Granted, the Showtime drama flamed so brightly at first, with its “The Manchurian Candidate” overtones, that it has often felt like a pallid imitation in the intervening years. That said, there have been memorable aspects to the way its storylines have paralleled the war against terrorism, and specifically the costs and tradeoffs to a functioning democracy associated with prosecuting it.
Having waged that battle at great personal cost, Carrie (Claire Danes) has just been released from roughly seven months in the custody of the Russians, raising questions about the lingering effects of that incarceration.
“We may be dealing with a compromised officer here,” one of the bureaucrats involved warns, with Carrie fuzzy on much of what transpired during that time.
Still, her former mentor Saul (Mandy Patinkin), now the National Security Advisor to the current president (Beau Bridges), needs her assistance as he pursues a clandestine effort to negotiate peace with the Taliban, determined to bring the years-old conflict to an end.

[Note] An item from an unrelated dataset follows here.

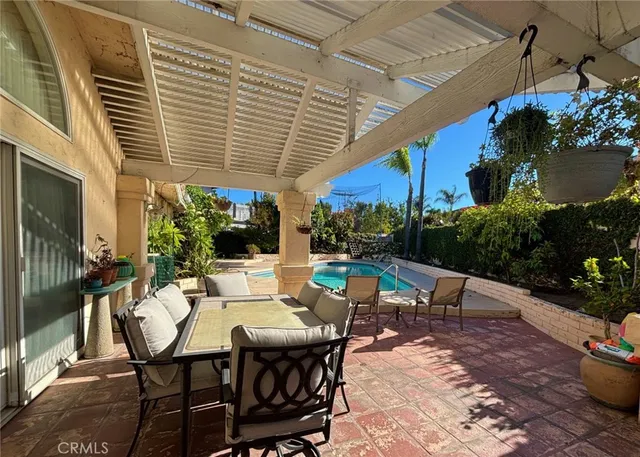 a view of a patio with table and chairs and potted plants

Not surprisingly, there are various complications associated with that process, questions about who can be trusted both at home and abroad, and the added degree of difficulty that Carrie might not be able to hold herself together long enough to carry out the mission. That includes awkward run-ins with a Russian agent (“The Americans'” Costa Ronin) who seems to know more about what Carrie endured than she does.
As usual, it’s all shot in a tense, thriller-type fashion, with a smarter-than-the-average-TV-drama approach to international politics; still, current events have frequently threatened to lap the series, which once felt so cutting edge and prescient, and now often finds itself chasing the curve rather than leading it.
Stripping those considerations away, Danes and Patinkin remain among the most compelling performers around, and the stakes over the four episodes previewed are certainly steep.
In hindsight, though, the three-year renewal that Showtime gave the series in 2016 hasn’t paid off in the sort of steady build toward the finale that might have been anticipated.
That could change down the home stretch, but a show that stood among TV’s best in its first season — when it won the Emmy and Golden Globes for outstanding drama — approaches the finish line needing a strong kick to overcome a sense that the end is overdue.
With “Homeland,” the future is always a bit murky, but if these first steps are any indication, it’s still struggling to live up to that past.
“Homeland” premieres Feb. 9 at 9 p.m. on Showtime.